George MacKay stars in the film "Wolf." File Photo by Jim Ruymen/UPI

LOS ANGELES, Dec. 2 (UPI) — George MacKay said his training for the film “Wolf,” in theaters Friday, led to embarrassing situations in real life. MacKay plays a man who believes he is a wolf, and he practiced his wolf walk in a park in Ireland.

“You’d get caught by a dog,” MacKay told UPI in a Zoom interview. “The first alarm would be if the dog came up to you.”

MacKay, 29, plays Jacob, a man in an institution full of patients diagnosed with species identity disorder. All the patients believe they are animals.

MacKay said he did not research the disorder, but he tried to play a wolf because that’s what Jacob believes he is.

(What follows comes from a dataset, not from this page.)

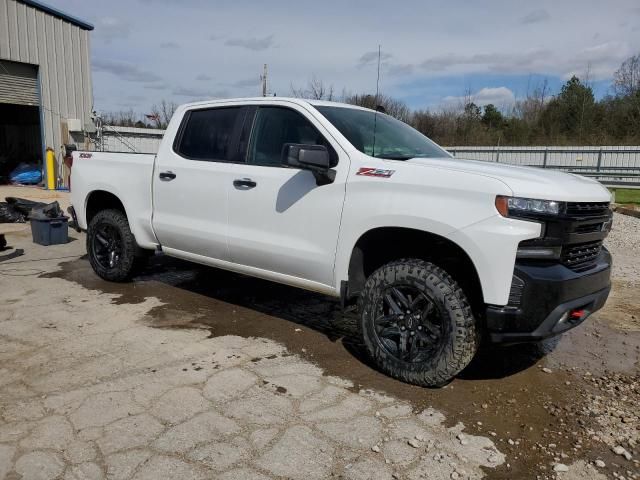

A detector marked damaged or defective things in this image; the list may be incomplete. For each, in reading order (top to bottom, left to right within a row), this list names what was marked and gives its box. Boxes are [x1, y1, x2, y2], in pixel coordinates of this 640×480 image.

cracked concrete [2, 231, 508, 478]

In March 2020, MacKay spent a week working with Terry Notary, who trained the ape actors in the recent Planet of the Apes trilogy. Notary appears in the film as a Lion Man.

Because the COVID-19 pandemic shut production in the U.K. MacKay practiced at home during the lockdown before production resumed in August..

“For months and months and months, I crawled every day,” MacKay said. “I practiced in my family’s garden.”

That’s what led MacKay to the local park to give himself space.

“I used to get up before the dog walkers, set an alarm nice and early and crawl for an hour when no one was in the park,” MacKay said. “It was practice, practice, practice.”

MacKay also used his phone to photograph and record himself for reference. Using the videos, MacKay determined which movements looked most wolf-like.

“That really uncomfortable angle is actually the most accurate, so that’s what I need to keep practicing,” MacKay said. “When I first started crawling, that was very different from the crawl that you see in the film. It took a lot of work to get comfortable in that zone.”

Jacob also howls like a wolf. Practicing howling was even more conspicuous than his wolf walks, MacKay said.

Jacob’s howl is “a call to one’s kin that he’s yet to know — basically a call for community,” said MacKay, who tried to get his howl as close to a wolf howl as he could.

In the institution, Jacob meets a young woman named Cecile (Lily-Rose Depp), who believes she is a wildcat. They share a love scene when Jacob is locked in a cage and she is on the other side of the bars.

MacKay said the love scene is ambiguous because both characters believe they are animals.

“Is he a wolf trapped in that cage?” MacKay said. “And therefore, does he understand what’s happening to him, as well?”

MacKay got his first professional job when he was 10 years old in the 2003 “Peter Pan” film. He was a student at The Harrodian School in London, when casting director Shaheen Baig chose him for a workshop.

“The experience of working on ‘Peter Pan’ was the thing that made me want to do this forever,” MacKay said.

He said he hired an agent after ” Peter Pan”  and continued to work in film and television. As an adult, MacKay has appeared in the films ” Captain Fantastic,”  ” How I Live Now,”  ” True History of the Kelly Gang”  and “1917”  and the TV series “11.22.63.”

MacKay said his work on ” Wolf”  still harkened back to that first workshop he did as a 10-year-old.

“Just the enjoyment of playing — that was a big part of all the animal stuff,” MacKay said. “You have to be in that headspace to be up for playing because there’s no other way to do it.”